[WHAT THE EXERCISE ASKS]:
Repeat nothing but the line that contains "Thumbnail: 2024 Chrysler Pacifica - 11" and the lines after it, through the end of the listing, exactly as they stand; omit pictures.

[PROVIDED MATERIAL]:
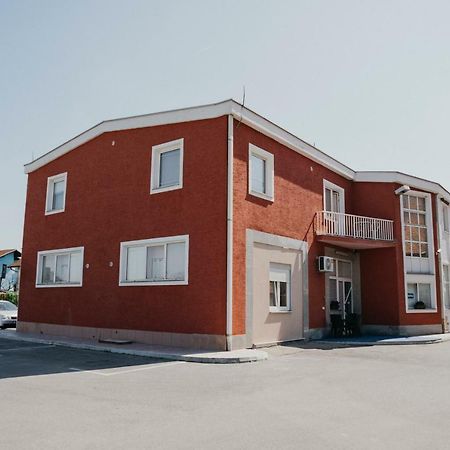 Guest House Sv. Nikola Dugo Selo 外观 照片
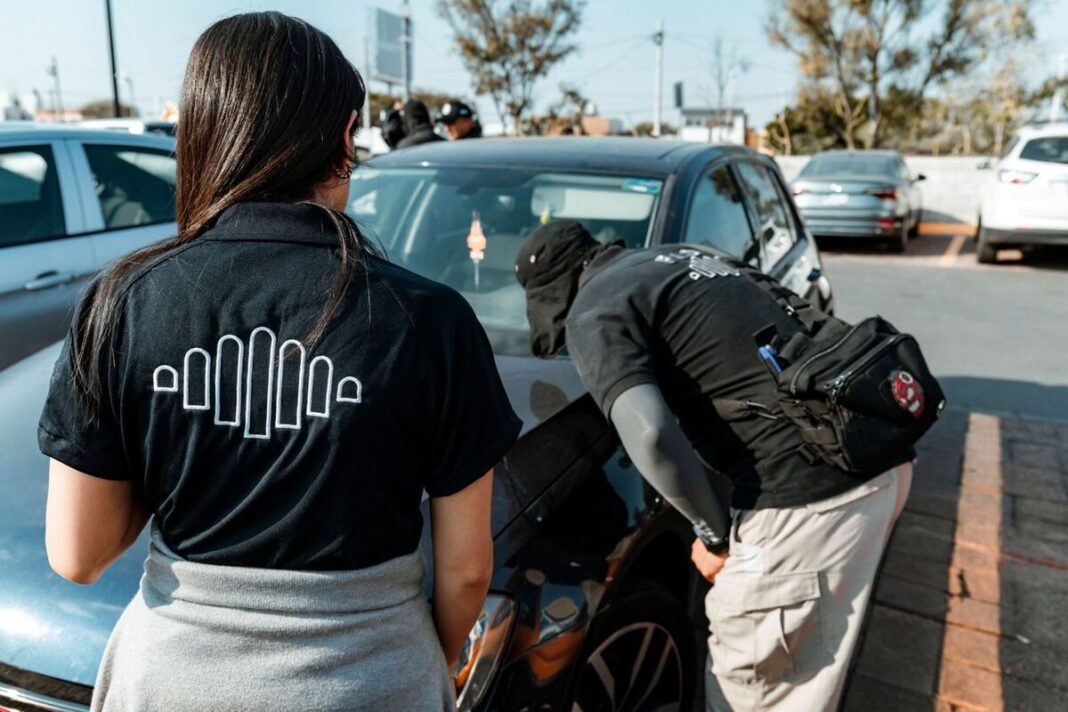 Fiscalía de Querétaro realiza operativo de revisión vehicular en plazas comerciales de Querétaro y Corregidora Borrador automático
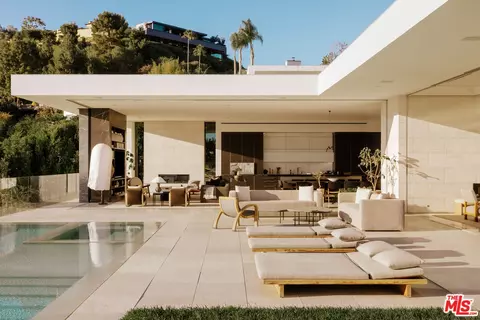 9265 Robin Dr, Los Angeles, CA 90069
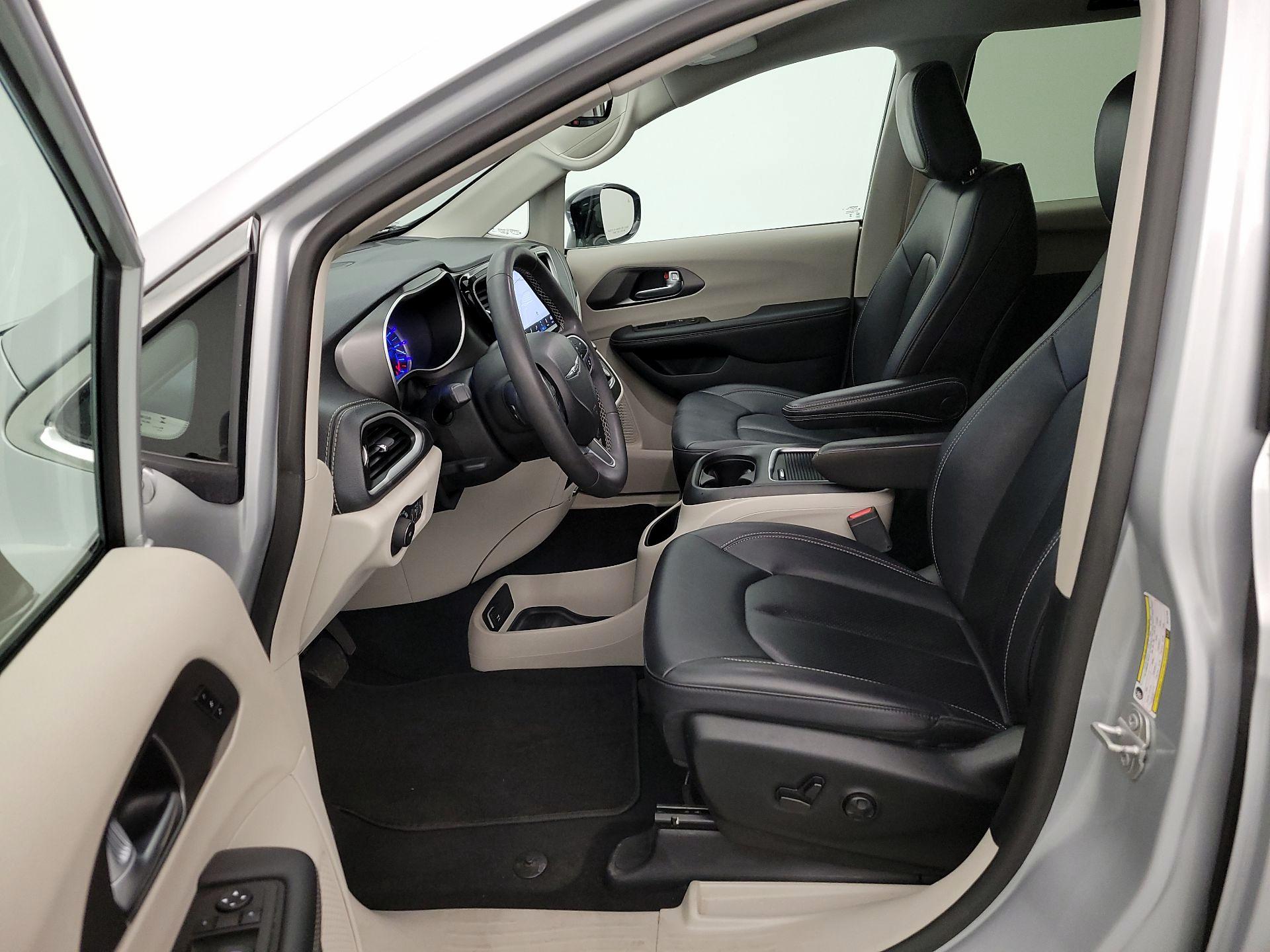 Thumbnail: 2024 Chrysler Pacifica - 11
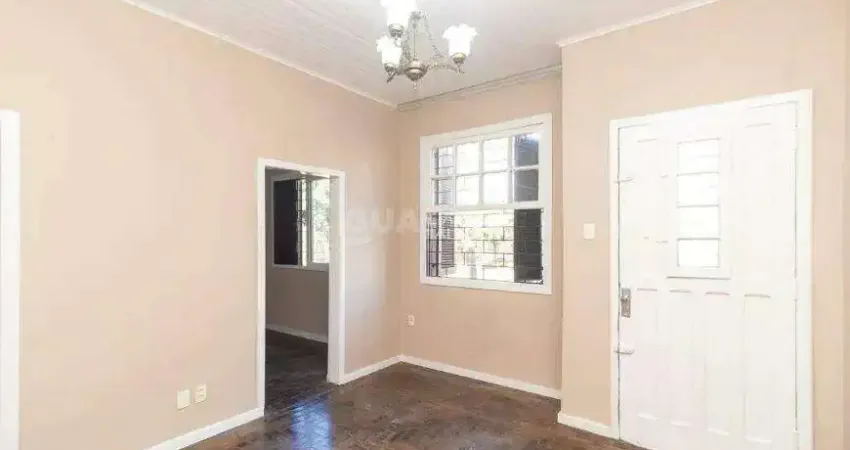 Casa residencial com 2 dormitórios e 3 vagas de garagem, no bairro Navegantes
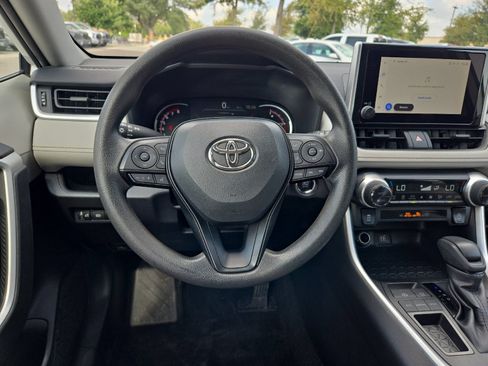 Used 2025 Toyota RAV4 XLE FWD image 13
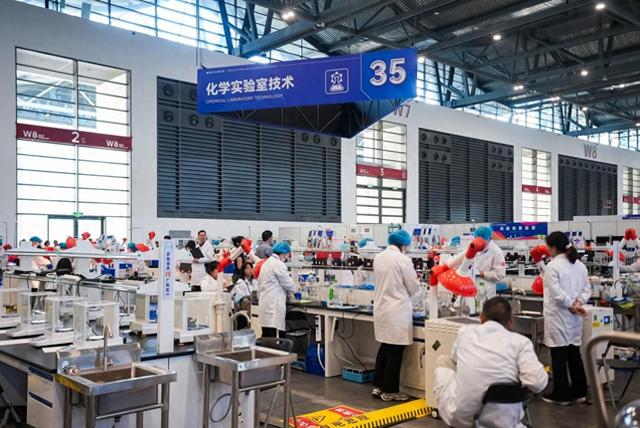 第三届全国技能大赛掠影：技能筑梦 匠心飞扬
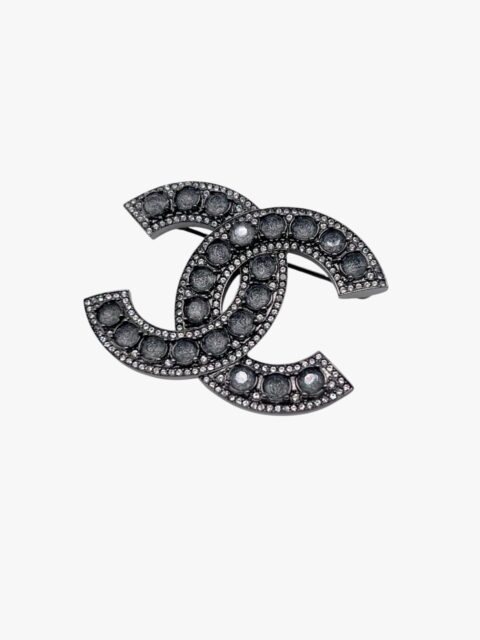 CHANEL – SPILLA IN RUTENIO LUCIDO CC CON CRISTALLI CANGIANTI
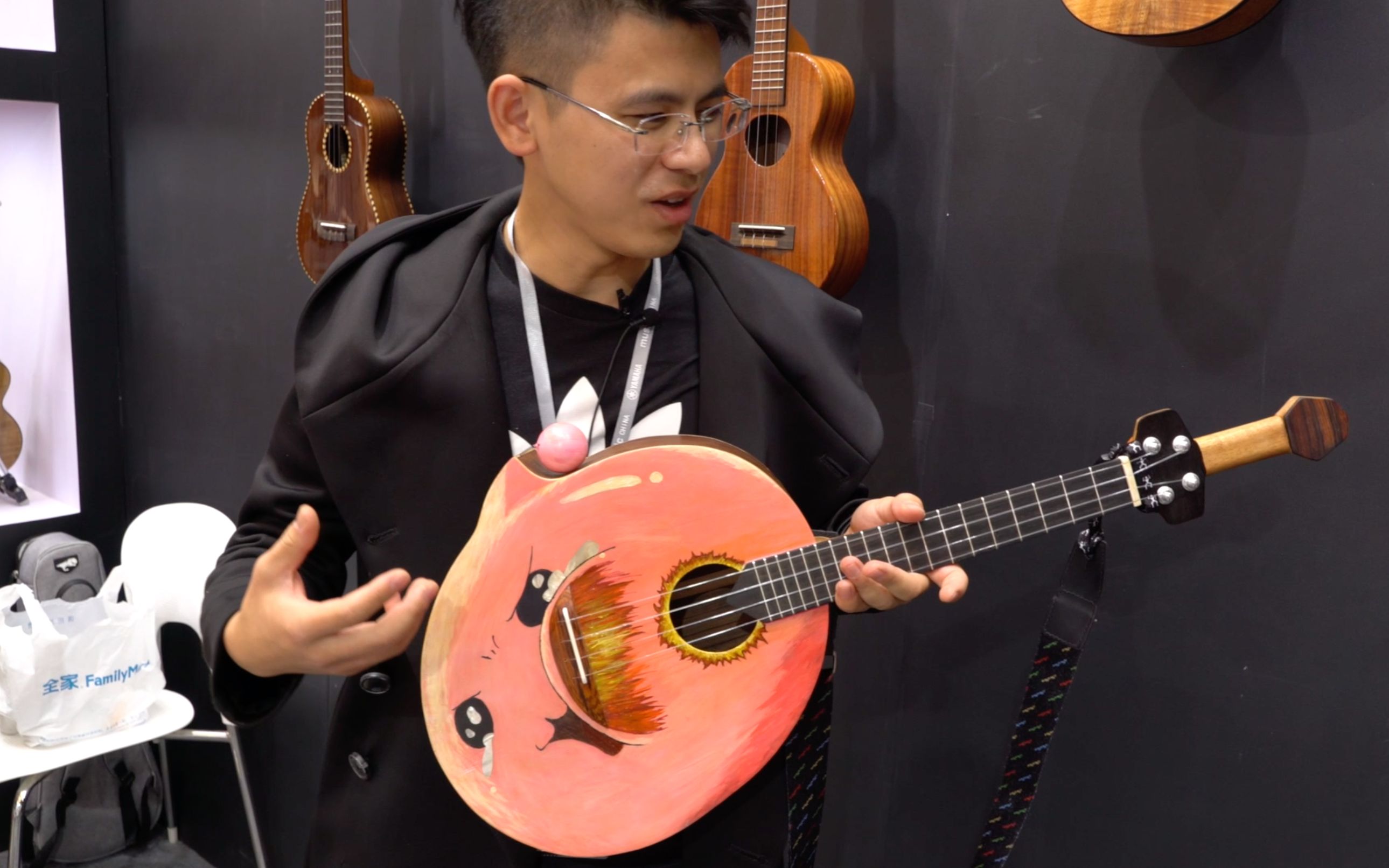 Ukulele刘宗立带你看2018上海国际乐展 各大品牌展位访谈哔哩哔哩bilibili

[ANSWER TO THIS EXERCISE]:
 Thumbnail: 2024 Chrysler Pacifica - 11
 Casa residencial com 2 dormitórios e 3 vagas de garagem, no bairro Navegantes
 Used 2025 Toyota RAV4 XLE FWD image 13
 第三届全国技能大赛掠影：技能筑梦 匠心飞扬
 CHANEL – SPILLA IN RUTENIO LUCIDO CC CON CRISTALLI CANGIANTI
 Ukulele刘宗立带你看2018上海国际乐展 各大品牌展位访谈哔哩哔哩bilibili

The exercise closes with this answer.